The attempted suicide took place inside Lumpini transit center, where Yang and five other family members had arrived in late July after receiving clearance to enter the United States.

In theory their stay in Lumpini should have lasted only a week or two while travel papers were issued and flight reservations fixed. But tuberculosis was discovered in Yang's mother and sister-in-law, and U.S. officials, routinely following U.S. law, put the entire family on "medical hold." They would all have to stay put until the disease was treated.

Meanwhile, Yang heard rumors that the Thai government planned to put all Hmong refugees on boats and sink them at sea. Thailand has forcibly sent home some refugees, and Yang appears to have believed this boat story. Already discouraged by two unscheduled months inside the crowded, prison-like transit center, he slashed himself deeply with a knife. He is still recuperating in a hospital.

Yang's case is an extreme example of the pain that the bureaucracy can inflict on people wending their way through the resettlement process. In camps around Thailand evidence of bureaucracy is abundant: Visitors are often besieged by people clutching worn photocopies of applications and pleading for intercession with resettlement authorities outside the camps.

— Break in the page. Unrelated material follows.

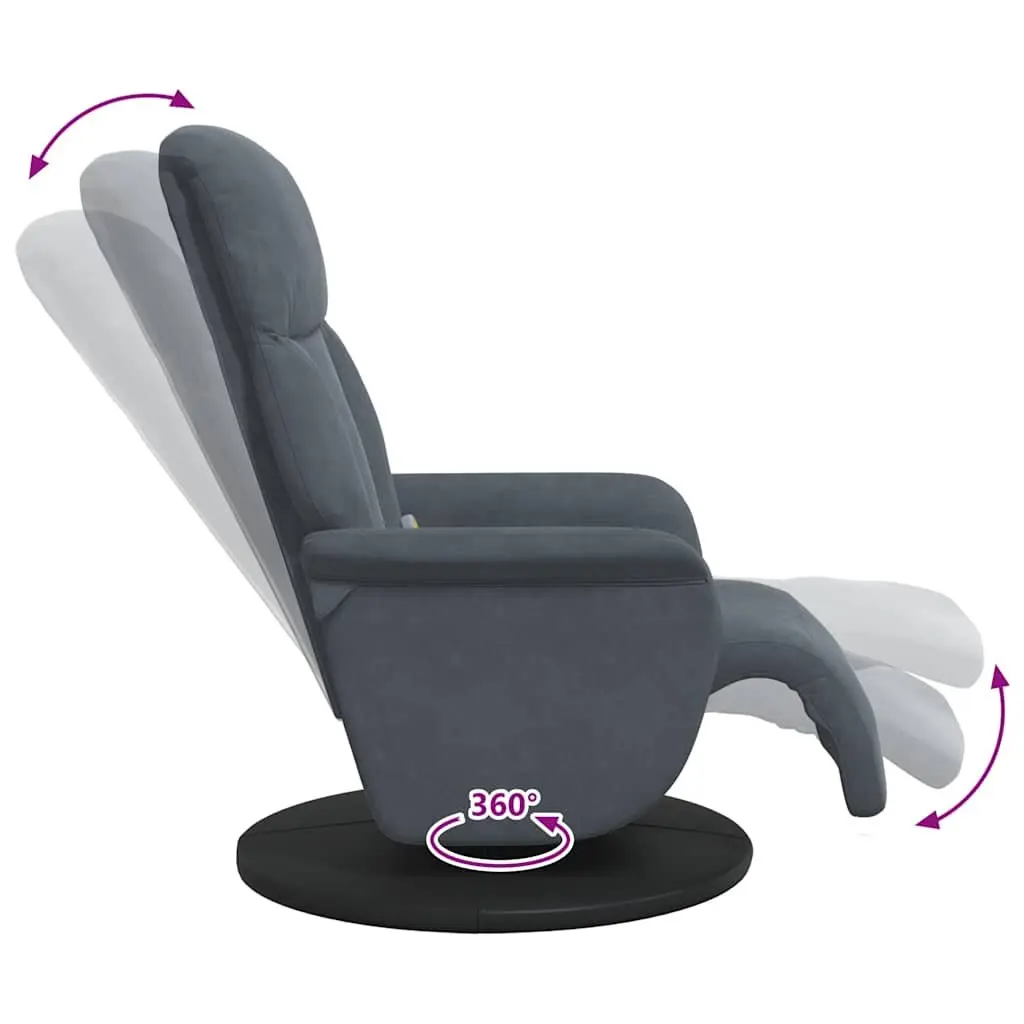 Grey Velvet Massage Recliner Chair with Footrest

U.S. officials here estimate that about 40,000 of the 175,000 refugees in Thai camps have been there three years or more. But they argue that low quotas, not paperwork, are the most important reasons for the long waiting periods.

Thailand harbors large numbers of refugees who have entered the country by land from Laos and Cambodia, as well as smaller numbers of Vietnamese who have arrived by boat.

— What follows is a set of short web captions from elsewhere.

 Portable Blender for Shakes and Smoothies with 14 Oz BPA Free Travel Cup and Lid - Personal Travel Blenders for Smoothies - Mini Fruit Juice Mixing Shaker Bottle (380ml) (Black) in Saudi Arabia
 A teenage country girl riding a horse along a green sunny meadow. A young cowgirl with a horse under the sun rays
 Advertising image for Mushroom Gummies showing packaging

The augmented quotas that followed last summer's Geneva Conference on Refugees -- the United States is accepting 6,000 people a month from Thailand compared to 1,500 a year ago -- have dramatically cut the time lag, U.S. officials say.

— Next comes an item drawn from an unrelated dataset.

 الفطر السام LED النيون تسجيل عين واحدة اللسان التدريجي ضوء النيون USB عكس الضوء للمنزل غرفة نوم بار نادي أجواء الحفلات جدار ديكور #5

Before the conference a "well-qualified" refugee (one who had a relative in the United States or who worked for an American or American-supported agency in Indochina) faced a minimum of 14 months between registration and departure. Officials say that period has been cut in half.

Nevertheless, refugee workers privately tell tales of bureaucratic ineptitude prolonging the resettlement process.

Last month, for instance, too many people were brought to Bangkok for processing, and the city's three transit centers became saturated with what one official called "long-term medical holds."

To relieve the crowding, it was decided to send 800 of them to a camp 250 miles away. Many refugees were furious. Others, suspecting a plot to forcibly repatriate them as happened to 42,000 Cambodians in June, had to be cajoled into boarding the buses.

The refugee bureaucracy in Thailand has grown by fits and starts. It is coordinated by no single agency and is composed of disparate private and governmental groups that sometimes feud with each other and within themselves.

For example, official Thai policy is that refugee resettlement elsewhere should be expedited. Yet the Thai agencies that donated space for the three Bangkok transit centers have all petitioned for their return. Foreign refugee officials had to spend months negotiating an expansion of the Lumpini center, which the Thais wanted to turn into a gymnasium for cadets.

The local office of the U.N. High Commissioner for Refugees serves as a sort of employment agency for countries accepting Thais for resettlement, proposing candidates who meet standards the countries lay down. Yet the United Nations has insufficient staff to register everyone in the camps and is not sure precisely how many people are actually there.

Many countries, notably the United States, France and Australia, send their own people into the camps to register and interview. Refugees sometimes apply for several countries and then are accepted by one and leave without informing the others. If the departing refugees are orphans, speakers of a European language or have skills in high demand, the countries that lose out are not pleased.